The Global Investment Trends Monitor, published by UNCTAD, said Latin America saw an uptick from 2011, with the strongest investment rise being in South America. UNCTAD said this was due to the sub-region’s economic buoyancy, leading to a significant number of market seeking investments and the persistent strength of commodity prices, which continue to encourage investments in the extractive industries, particularly in Chile, Peru and Colombia.
Inflows also registered strong growth in Argentina. FDI to Brazil slowed but remained robust, confirming the country’s primacy as the leading investment destination in the region, accounting for 28 percent of the total.

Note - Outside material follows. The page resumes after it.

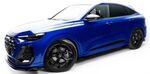 JEU DE BAS DE CAISSE (RAJOUTS EN ABS) AUDI Q5 S LINE MK3 (2024+)
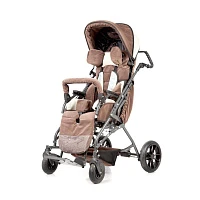 Кресло коляска для подростков с ДЦП Vita Buggy 7450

FDI flows to Central America, however, decreased mainly as the result of a decline in Mexico. The report did not take into account FDI flows to the Caribbean.
Globally, FDI flows reached their lowest level of just slightly over $1.2 trillion. FDI inflows to developing Asia fell by 9.5 percent as a result of declines across most sub-regions and major economies, including China, Hong Kong (China), India, the Republic of Korea, Singapore and Turkey. However, 2012 inflows to Asia were still at the second highest level recorded, accounting for 59 percent of FDI flows to developing countries.
FDI flows to Africa rose in 2012. Flows to North Africa reversed their downward trend, as Egypt
Saw a rebound of investment from European investors. Angola – an important holder of FDI stock in Africa – posted lower divestments in 2012 compared with 2010 and 2011 while positive growth of FDI flows to South Africa contributed to a rise in inward FDI flows to Southern Africa.
“We thought it was a healthy, steady recovery and now we feel that it will take longer than we expected for the recovery of FDI,” said James Zhan, Director of UNCTAD’s Division on Investment and Enterprise, who added there was “cautious optimism” for this year and next.
But he predicted that this year, global FDI may grow by around 7 to 8 per cent and in 2014 something like 17 per cent.